Your subtitle suggests you’ll be looking at four different aspects of Bonhoeffer the man: pastor, martyr, prophet, and spy. Christians are probably used to the first three, but what do most people know about Bonhoeffer as a spy for the Resistance?
In 1939, after Hitler declared war on Poland, and after Bonhoeffer returned from his fateful and abbreviated trip to the U.S., he was asking God what to do next. And what he ended up doing was working for German military intelligence — called the Abwehr — under the supervision of his brother-in-law, Hans von Dohnanyi. But of course Dohnanyi and many others in the Abwehr were involved in the conspiracy against Hitler. That’s why Bonhoeffer joined them! So he became a double agent. On the surface he was working for the Abwehr, but in reality he was working to make contacts with the Allies, to let them know there were Germans inside Germany who were working to overthrow the Third Reich.
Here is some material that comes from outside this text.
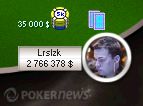 PokerStars SCOOP 2011 : Sami "LrsLzk" Kelopuro champion Main Event (504.691$) 102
It’s just amazing.
Your book also delves into the love story between Bonhoeffer and his much younger fiancée, Maria von Wedemeyer. They come across as very different people. How did they come to fall in love?
I don’t want to spoil it, because that’s one of the best parts of the book, but the bottom line is
that it came quite out of the blue. Bonhoeffer was visiting Maria’s grandmother, who was a very dear friend of his, and Maria just sort of showed up and they spent an evening talking together. Bonhoeffer was as surprised as anyone by his feelings. He was sure at this point in his life that he would never get married.
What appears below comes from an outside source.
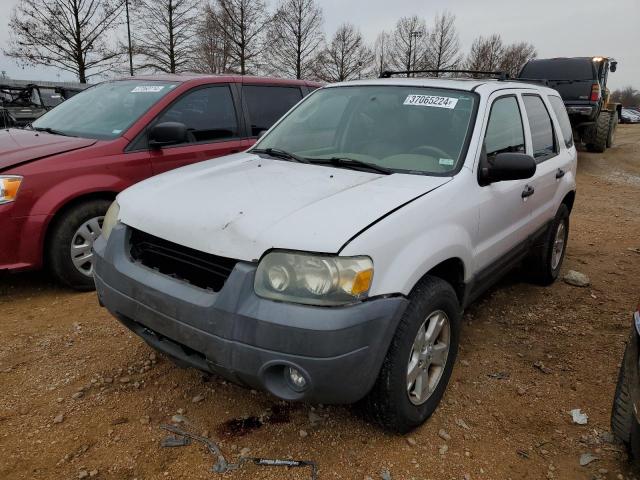 2005 Ford Escape XLT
This is a warts-and-all biography, a balanced portrait of a great man who was under terrible stress in an unjust war. What were some of Bonhoeffer’s flaws, and how did they manifest themselves during his life?
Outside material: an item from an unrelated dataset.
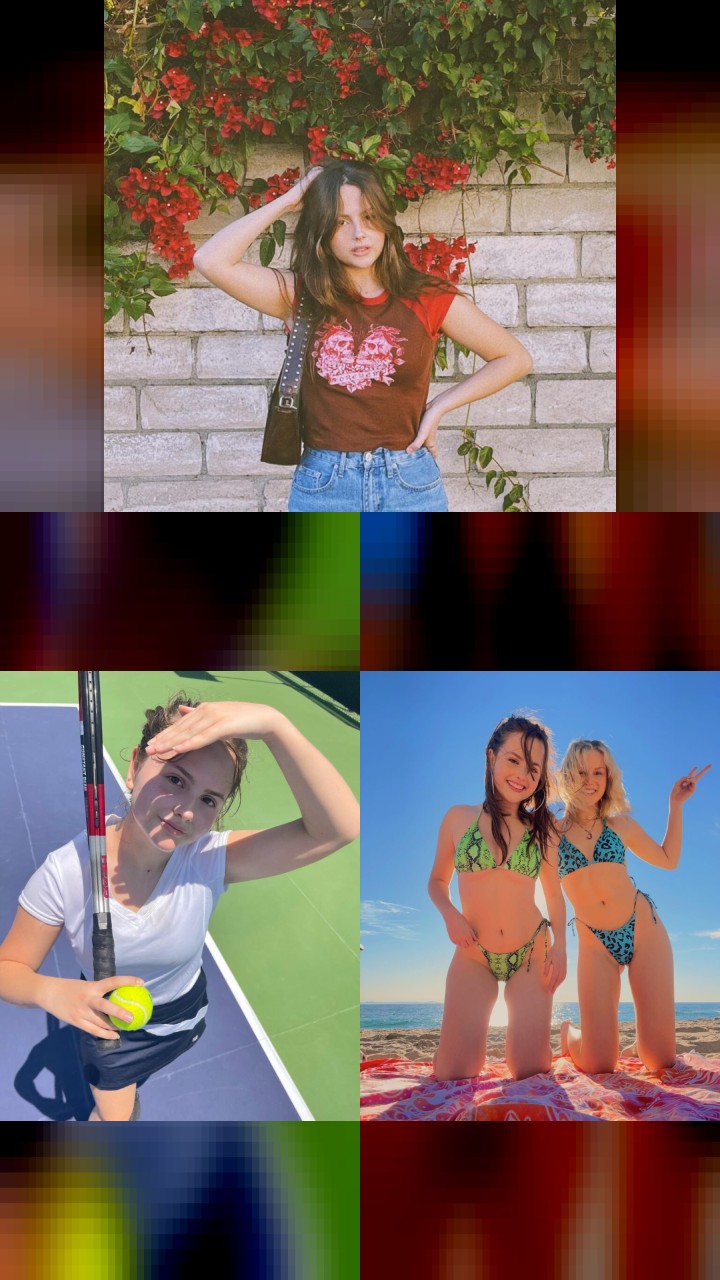 10 Must-See Instagram Photos of Ava Acres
Bonhoeffer was extremely bright and self-disciplined, so he could sometimes be very critical and demanding and could lose his temper with people. He writes about this in a letter to his best friend, Bethge, apologizing for it. Some people also thought of him as aloof, as having a bit of distance between himself and others. He was a terribly complex individual, but seems to have been extremely self-aware and conscious of his faults, and always trying to remedy them. I suppose if one is desperate to find a worm in the apple one might always cite the fact that he was a smoker.
Bonhoeffer has enjoyed a huge surge in popularity recently. Why do you think his writings are so appealing to people today?
There’s something about Bonhoeffer that just seems extremely modern, as though his whole life and writings were written for us, today. He died young, so he will always be young and will always hold a certain freshness and appeal to young people. But there’s something about his extraordinary authenticity that especially speaks to us today with particular force. He saw right through dead religion and spent his whole adult life trying to show the difference between dead religion and a real and personal faith in Jesus Christ. His unwillingness to abide cant and sloganeering and theological or philosophical chicanery seems particularly appealing to us today, who have had our fill of these things and who long for someone to give us an alternative to them.
After your biographies of Bonhoeffer and William Wilberforce, what’s next for you? Do you have any future books planned?
I’m not sure exactly what I’m going to write next. But this much I do know: it will be very, very short.